TASK DIRECTIONS:
An unaltered copy of the listing below is required.

DATA:
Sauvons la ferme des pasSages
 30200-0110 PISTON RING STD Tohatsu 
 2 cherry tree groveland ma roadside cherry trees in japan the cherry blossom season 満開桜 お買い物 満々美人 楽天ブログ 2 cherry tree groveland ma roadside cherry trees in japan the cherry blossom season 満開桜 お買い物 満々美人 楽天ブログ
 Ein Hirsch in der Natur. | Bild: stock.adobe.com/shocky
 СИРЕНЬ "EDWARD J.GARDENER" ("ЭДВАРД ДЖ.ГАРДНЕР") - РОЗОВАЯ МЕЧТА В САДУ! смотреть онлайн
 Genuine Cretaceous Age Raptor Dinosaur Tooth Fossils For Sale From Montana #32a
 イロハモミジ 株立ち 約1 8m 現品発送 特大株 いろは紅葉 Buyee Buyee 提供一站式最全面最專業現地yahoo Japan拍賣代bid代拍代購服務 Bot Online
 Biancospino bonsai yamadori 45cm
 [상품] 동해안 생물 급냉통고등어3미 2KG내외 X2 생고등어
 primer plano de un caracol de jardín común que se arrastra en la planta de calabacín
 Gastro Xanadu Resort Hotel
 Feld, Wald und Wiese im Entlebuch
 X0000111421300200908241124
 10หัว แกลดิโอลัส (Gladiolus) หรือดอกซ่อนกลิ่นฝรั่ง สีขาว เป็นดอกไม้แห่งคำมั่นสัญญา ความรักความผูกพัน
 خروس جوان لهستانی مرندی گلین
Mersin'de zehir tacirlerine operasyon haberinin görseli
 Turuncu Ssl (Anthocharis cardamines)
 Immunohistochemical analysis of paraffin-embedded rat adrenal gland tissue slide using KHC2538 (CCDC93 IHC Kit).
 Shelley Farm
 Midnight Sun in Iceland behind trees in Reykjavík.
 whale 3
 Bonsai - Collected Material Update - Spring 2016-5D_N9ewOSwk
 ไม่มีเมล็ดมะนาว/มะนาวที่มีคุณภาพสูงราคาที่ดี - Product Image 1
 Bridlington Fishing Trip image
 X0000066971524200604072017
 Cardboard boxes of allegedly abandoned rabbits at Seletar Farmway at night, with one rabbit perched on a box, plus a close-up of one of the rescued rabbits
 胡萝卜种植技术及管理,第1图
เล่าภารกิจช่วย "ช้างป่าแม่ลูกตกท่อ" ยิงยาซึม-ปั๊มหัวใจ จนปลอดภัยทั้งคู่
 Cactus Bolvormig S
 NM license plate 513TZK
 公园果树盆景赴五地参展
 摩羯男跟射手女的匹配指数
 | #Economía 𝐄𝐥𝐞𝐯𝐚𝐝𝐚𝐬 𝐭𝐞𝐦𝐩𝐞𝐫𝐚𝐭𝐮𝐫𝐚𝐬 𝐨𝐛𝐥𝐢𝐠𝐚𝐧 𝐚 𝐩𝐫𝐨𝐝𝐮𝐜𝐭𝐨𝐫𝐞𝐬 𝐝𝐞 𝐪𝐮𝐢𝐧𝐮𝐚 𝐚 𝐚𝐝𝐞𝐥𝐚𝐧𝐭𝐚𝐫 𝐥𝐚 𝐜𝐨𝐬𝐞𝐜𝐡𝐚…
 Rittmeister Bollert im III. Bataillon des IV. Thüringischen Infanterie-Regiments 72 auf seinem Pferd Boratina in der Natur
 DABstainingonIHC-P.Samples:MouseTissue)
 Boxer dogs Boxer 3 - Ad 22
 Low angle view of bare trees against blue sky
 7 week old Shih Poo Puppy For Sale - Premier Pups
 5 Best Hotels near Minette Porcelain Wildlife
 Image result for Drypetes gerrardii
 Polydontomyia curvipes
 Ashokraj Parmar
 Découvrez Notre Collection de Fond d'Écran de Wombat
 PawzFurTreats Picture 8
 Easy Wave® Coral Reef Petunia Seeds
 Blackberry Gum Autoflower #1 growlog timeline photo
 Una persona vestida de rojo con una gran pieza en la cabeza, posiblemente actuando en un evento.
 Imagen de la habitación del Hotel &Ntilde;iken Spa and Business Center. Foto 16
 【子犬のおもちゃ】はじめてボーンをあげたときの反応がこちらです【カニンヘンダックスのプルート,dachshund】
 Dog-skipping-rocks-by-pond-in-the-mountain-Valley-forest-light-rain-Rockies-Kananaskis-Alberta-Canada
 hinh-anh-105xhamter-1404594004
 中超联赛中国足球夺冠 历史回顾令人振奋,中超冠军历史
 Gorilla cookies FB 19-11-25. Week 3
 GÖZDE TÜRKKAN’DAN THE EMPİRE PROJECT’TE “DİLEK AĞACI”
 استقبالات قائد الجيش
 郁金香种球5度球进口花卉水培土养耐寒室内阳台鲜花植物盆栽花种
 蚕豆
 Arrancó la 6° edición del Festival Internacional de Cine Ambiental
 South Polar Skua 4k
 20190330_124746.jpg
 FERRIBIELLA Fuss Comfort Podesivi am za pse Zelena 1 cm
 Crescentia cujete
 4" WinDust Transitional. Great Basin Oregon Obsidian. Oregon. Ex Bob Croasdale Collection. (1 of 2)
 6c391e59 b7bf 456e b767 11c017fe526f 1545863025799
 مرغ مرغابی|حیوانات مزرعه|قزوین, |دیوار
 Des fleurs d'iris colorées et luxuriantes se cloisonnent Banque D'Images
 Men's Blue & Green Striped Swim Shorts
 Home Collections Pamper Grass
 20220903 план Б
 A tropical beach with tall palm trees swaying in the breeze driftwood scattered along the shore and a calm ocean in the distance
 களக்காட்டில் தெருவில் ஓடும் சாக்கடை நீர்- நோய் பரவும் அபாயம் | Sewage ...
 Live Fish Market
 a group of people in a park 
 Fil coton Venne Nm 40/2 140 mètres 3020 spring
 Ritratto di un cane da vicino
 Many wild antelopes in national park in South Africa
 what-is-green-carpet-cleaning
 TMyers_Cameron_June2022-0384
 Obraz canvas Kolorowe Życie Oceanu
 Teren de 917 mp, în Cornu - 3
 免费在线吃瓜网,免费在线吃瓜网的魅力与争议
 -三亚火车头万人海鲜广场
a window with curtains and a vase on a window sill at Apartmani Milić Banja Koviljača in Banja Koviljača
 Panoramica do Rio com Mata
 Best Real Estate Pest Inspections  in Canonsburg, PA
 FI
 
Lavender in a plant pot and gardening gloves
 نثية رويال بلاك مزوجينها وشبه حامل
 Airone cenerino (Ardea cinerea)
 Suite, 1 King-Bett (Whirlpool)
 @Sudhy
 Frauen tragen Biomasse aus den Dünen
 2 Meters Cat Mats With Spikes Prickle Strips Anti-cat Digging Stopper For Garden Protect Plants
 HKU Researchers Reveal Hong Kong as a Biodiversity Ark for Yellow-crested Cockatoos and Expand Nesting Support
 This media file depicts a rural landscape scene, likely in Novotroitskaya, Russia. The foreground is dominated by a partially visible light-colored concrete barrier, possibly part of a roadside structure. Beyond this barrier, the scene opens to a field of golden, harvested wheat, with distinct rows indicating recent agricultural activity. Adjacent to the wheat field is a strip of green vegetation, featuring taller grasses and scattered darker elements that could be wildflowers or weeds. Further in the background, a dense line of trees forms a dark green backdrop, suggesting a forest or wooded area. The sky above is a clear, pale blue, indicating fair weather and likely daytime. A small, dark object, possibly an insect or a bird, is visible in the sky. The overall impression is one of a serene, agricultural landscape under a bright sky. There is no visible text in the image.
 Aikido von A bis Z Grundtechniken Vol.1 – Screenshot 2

RESPONSE TO THE EXERCISE:
Sauvons la ferme des pasSages
 30200-0110 PISTON RING STD Tohatsu 
 2 cherry tree groveland ma roadside cherry trees in japan the cherry blossom season 満開桜 お買い物 満々美人 楽天ブログ 2 cherry tree groveland ma roadside cherry trees in japan the cherry blossom season 満開桜 お買い物 満々美人 楽天ブログ
 Ein Hirsch in der Natur. | Bild: stock.adobe.com/shocky
 СИРЕНЬ "EDWARD J.GARDENER" ("ЭДВАРД ДЖ.ГАРДНЕР") - РОЗОВАЯ МЕЧТА В САДУ! смотреть онлайн
 Genuine Cretaceous Age Raptor Dinosaur Tooth Fossils For Sale From Montana #32a
 イロハモミジ 株立ち 約1 8m 現品発送 特大株 いろは紅葉 Buyee Buyee 提供一站式最全面最專業現地yahoo Japan拍賣代bid代拍代購服務 Bot Online
 Biancospino bonsai yamadori 45cm
 [상품] 동해안 생물 급냉통고등어3미 2KG내외 X2 생고등어
 primer plano de un caracol de jardín común que se arrastra en la planta de calabacín
 Gastro Xanadu Resort Hotel
 Feld, Wald und Wiese im Entlebuch
 X0000111421300200908241124
 10หัว แกลดิโอลัส (Gladiolus) หรือดอกซ่อนกลิ่นฝรั่ง สีขาว เป็นดอกไม้แห่งคำมั่นสัญญา ความรักความผูกพัน
 خروس جوان لهستانی مرندی گلین
Mersin'de zehir tacirlerine operasyon haberinin görseli
 Turuncu Ssl (Anthocharis cardamines)
 Immunohistochemical analysis of paraffin-embedded rat adrenal gland tissue slide using KHC2538 (CCDC93 IHC Kit).
 Shelley Farm
 Midnight Sun in Iceland behind trees in Reykjavík.
 whale 3
 Bonsai - Collected Material Update - Spring 2016-5D_N9ewOSwk
 ไม่มีเมล็ดมะนาว/มะนาวที่มีคุณภาพสูงราคาที่ดี - Product Image 1
 Bridlington Fishing Trip image
 X0000066971524200604072017
 Cardboard boxes of allegedly abandoned rabbits at Seletar Farmway at night, with one rabbit perched on a box, plus a close-up of one of the rescued rabbits
 胡萝卜种植技术及管理,第1图
เล่าภารกิจช่วย "ช้างป่าแม่ลูกตกท่อ" ยิงยาซึม-ปั๊มหัวใจ จนปลอดภัยทั้งคู่
 Cactus Bolvormig S
 NM license plate 513TZK
 公园果树盆景赴五地参展
 摩羯男跟射手女的匹配指数
 | #Economía 𝐄𝐥𝐞𝐯𝐚𝐝𝐚𝐬 𝐭𝐞𝐦𝐩𝐞𝐫𝐚𝐭𝐮𝐫𝐚𝐬 𝐨𝐛𝐥𝐢𝐠𝐚𝐧 𝐚 𝐩𝐫𝐨𝐝𝐮𝐜𝐭𝐨𝐫𝐞𝐬 𝐝𝐞 𝐪𝐮𝐢𝐧𝐮𝐚 𝐚 𝐚𝐝𝐞𝐥𝐚𝐧𝐭𝐚𝐫 𝐥𝐚 𝐜𝐨𝐬𝐞𝐜𝐡𝐚…
 Rittmeister Bollert im III. Bataillon des IV. Thüringischen Infanterie-Regiments 72 auf seinem Pferd Boratina in der Natur
 DABstainingonIHC-P.Samples:MouseTissue)
 Boxer dogs Boxer 3 - Ad 22
 Low angle view of bare trees against blue sky
 7 week old Shih Poo Puppy For Sale - Premier Pups
 5 Best Hotels near Minette Porcelain Wildlife
 Image result for Drypetes gerrardii
 Polydontomyia curvipes
 Ashokraj Parmar
 Découvrez Notre Collection de Fond d'Écran de Wombat
 PawzFurTreats Picture 8
 Easy Wave® Coral Reef Petunia Seeds
 Blackberry Gum Autoflower #1 growlog timeline photo
 Una persona vestida de rojo con una gran pieza en la cabeza, posiblemente actuando en un evento.
 Imagen de la habitación del Hotel &Ntilde;iken Spa and Business Center. Foto 16
 【子犬のおもちゃ】はじめてボーンをあげたときの反応がこちらです【カニンヘンダックスのプルート,dachshund】
 Dog-skipping-rocks-by-pond-in-the-mountain-Valley-forest-light-rain-Rockies-Kananaskis-Alberta-Canada
 hinh-anh-105xhamter-1404594004
 中超联赛中国足球夺冠 历史回顾令人振奋,中超冠军历史
 Gorilla cookies FB 19-11-25. Week 3
 GÖZDE TÜRKKAN’DAN THE EMPİRE PROJECT’TE “DİLEK AĞACI”
 استقبالات قائد الجيش
 郁金香种球5度球进口花卉水培土养耐寒室内阳台鲜花植物盆栽花种
 蚕豆
 Arrancó la 6° edición del Festival Internacional de Cine Ambiental
 South Polar Skua 4k
 20190330_124746.jpg
 FERRIBIELLA Fuss Comfort Podesivi am za pse Zelena 1 cm
 Crescentia cujete
 4" WinDust Transitional. Great Basin Oregon Obsidian. Oregon. Ex Bob Croasdale Collection. (1 of 2)
 6c391e59 b7bf 456e b767 11c017fe526f 1545863025799
 مرغ مرغابی|حیوانات مزرعه|قزوین, |دیوار
 Des fleurs d'iris colorées et luxuriantes se cloisonnent Banque D'Images
 Men's Blue & Green Striped Swim Shorts
 Home Collections Pamper Grass
 20220903 план Б
 A tropical beach with tall palm trees swaying in the breeze driftwood scattered along the shore and a calm ocean in the distance
 களக்காட்டில் தெருவில் ஓடும் சாக்கடை நீர்- நோய் பரவும் அபாயம் | Sewage ...
 Live Fish Market
 a group of people in a park 
 Fil coton Venne Nm 40/2 140 mètres 3020 spring
 Ritratto di un cane da vicino
 Many wild antelopes in national park in South Africa
 what-is-green-carpet-cleaning
 TMyers_Cameron_June2022-0384
 Obraz canvas Kolorowe Życie Oceanu
 Teren de 917 mp, în Cornu - 3
 免费在线吃瓜网,免费在线吃瓜网的魅力与争议
 -三亚火车头万人海鲜广场
a window with curtains and a vase on a window sill at Apartmani Milić Banja Koviljača in Banja Koviljača
 Panoramica do Rio com Mata
 Best Real Estate Pest Inspections  in Canonsburg, PA
 FI
 
Lavender in a plant pot and gardening gloves
 نثية رويال بلاك مزوجينها وشبه حامل
 Airone cenerino (Ardea cinerea)
 Suite, 1 King-Bett (Whirlpool)
 @Sudhy
 Frauen tragen Biomasse aus den Dünen
 2 Meters Cat Mats With Spikes Prickle Strips Anti-cat Digging Stopper For Garden Protect Plants
 HKU Researchers Reveal Hong Kong as a Biodiversity Ark for Yellow-crested Cockatoos and Expand Nesting Support
 This media file depicts a rural landscape scene, likely in Novotroitskaya, Russia. The foreground is dominated by a partially visible light-colored concrete barrier, possibly part of a roadside structure. Beyond this barrier, the scene opens to a field of golden, harvested wheat, with distinct rows indicating recent agricultural activity. Adjacent to the wheat field is a strip of green vegetation, featuring taller grasses and scattered darker elements that could be wildflowers or weeds. Further in the background, a dense line of trees forms a dark green backdrop, suggesting a forest or wooded area. The sky above is a clear, pale blue, indicating fair weather and likely daytime. A small, dark object, possibly an insect or a bird, is visible in the sky. The overall impression is one of a serene, agricultural landscape under a bright sky. There is no visible text in the image.
 Aikido von A bis Z Grundtechniken Vol.1 – Screenshot 2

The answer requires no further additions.